Editorial: FCC should move ahead on DTV

Aug 27, 2001  •  Post A Comment

The Federal Communications Commission is thinking about creating a task force to help make digital TV a reality, and we think that’s a good idea.
For too long now, DTV has been subject to various special interests, each pushing their own agenda, with the result being that DTV is far from a reality.
The issues surrounding DTV have seemed to be never-ending, from the debate over the transmission standard itself to cable pass-through of DTV to TV sets being properly equipped for DTV.
These issues are huge, and the money that has to be spent in the transition amounts to millions and millions. The future, in other words, is an expensive creation.
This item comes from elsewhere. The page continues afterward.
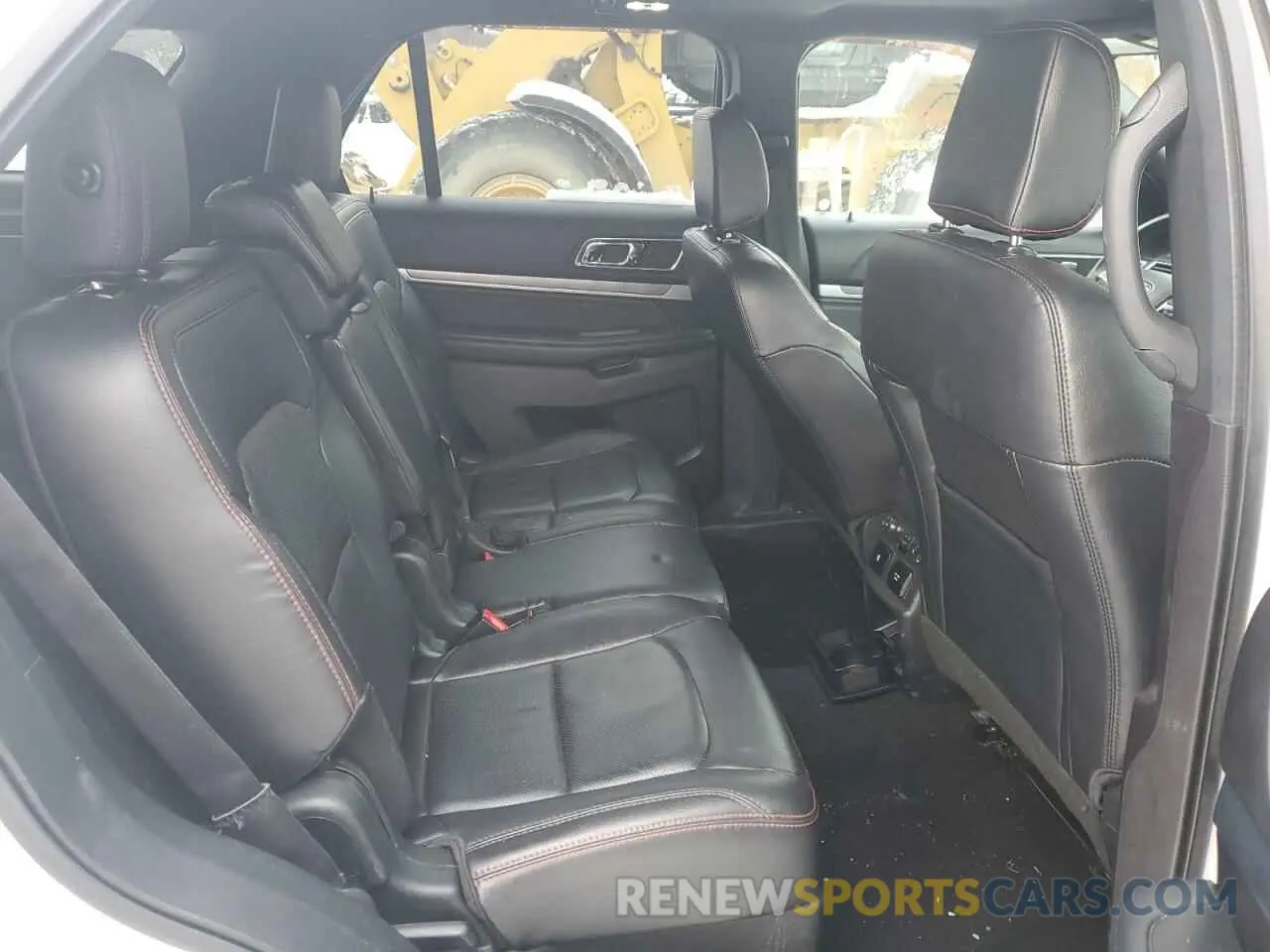 10 Photograph of a damaged car 1FM5K8GT4KGA47715 FORD EXPLORER 2019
But over the years, the rewards are likely to be in the billions.
On one hand, the delay in adopting DTV is not a bad thing. We’re reminded of the industry’s transition to color TV.
That battle was basically between RCA/ NBC, which was pushing a color TV system that was compatible with existing black-and-white TV signals, and CBS, which was championing a system that wasn’t compatible with then-prevalent black-and-white standards.
Initially, CBS won the battle, with the FCC approving the CBS system as the U.S. standard. But RCA appealed, right up to the United States Supreme Court. RCA lost at each step of the appeals process, if memory serves us correctly, including at the Supreme Court.
But the delay was enough to kill the CBS color system. Manufacturers were not thrilled to make TV sets to the CBS color standard while RCA was still appealing the standard. Thus very few TV color sets meeting CBS standard were ever made.
By the time RCA was done with its appeal, the company had perfected its color system. RCA got the FCC to reverse itself, and the RCA system then became the color standard.
No doubt having a color system compatible with black-and-white signals was a good thing, for both the industry and consumers. It allowed a measured introduction of color technology at a pace applauded by both consumers and the industry.
But there comes a time when hard decisions need to be made about technological advances. Such a moment is upon us. For a long time now the FCC hasn’t exhibited any serious interest to push along a DTV agenda. Former Commissioner Susan Ness appeared to have a strong interest in DTV, but former Chairman Bill Kennard did not.
We hope the task force gets formed and Chairman Michael Powell personally champions the DTV cause. And in doing so he needs to balance industry and consumer interests to come up with a winning formula to implement DTV.